Also leave comments from at the video for Cristo Rey, la gran Guadalupana, José Luis, and great justice. Thanks.
¡Viva Cristo Rey y la Santísima Virgen de Guadalupe!
Muchos quedan en la lucha y otros que vienen naciendo!
Lyrics:
El martes me fusilan a las seis de la mañana
por creer en Dios eterno y en la gran Guadalupana.

Me encontraron una estampa de Jesús en el sombrero
por eso me sentenciaron porque yo soy un cristero.

Es por eso me fusilan el martes por la mañana.
Matarán mi cuerpo inútil pero nunca, nunca mi alma.

Yo les digo a mis verdugos que quiero me crucifiquen
Y una vez crucificado entonces usen sus rifles.

Adiós sierras de Jalisco, Michoacán y Guanajuato,
Donde combatí al Gobierno que siempre salió corriendo.

Me agarraron, de rodillas, adorando a Jesucristo.
Sabían que no había defense en ese santo recinto.
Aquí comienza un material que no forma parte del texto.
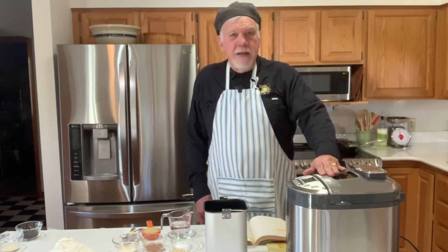Good day everyone, I am Mike Healey, your friendly neighborhood bread baker. Today we're going to use this amazing high-tech stainless steel Swiss-made bread machine to bake the famous recipe Annie and Bill's oatmeal apple walnut raisin bread.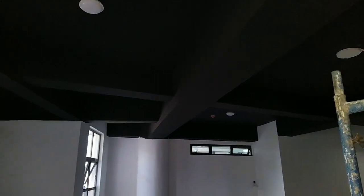Wow! See, it's amazing, guys. The work is quite neatly done, as you can see.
Soy labriego por herencia, Jalisciense de naciencia.
No tengo más Dios que Cristo por que me dio la existencia.

Con matarme no se acaba la creencia en Dios eterno.
Muchos quedan en la lucha y otros que vienen naciendo.

Es por eso me fusilan el martes por la mañana.

English:
On Tuesday at 6 o'clock in the morning they are going to shoot me
For believing in God eternal and in our great Lady of Guadalupe.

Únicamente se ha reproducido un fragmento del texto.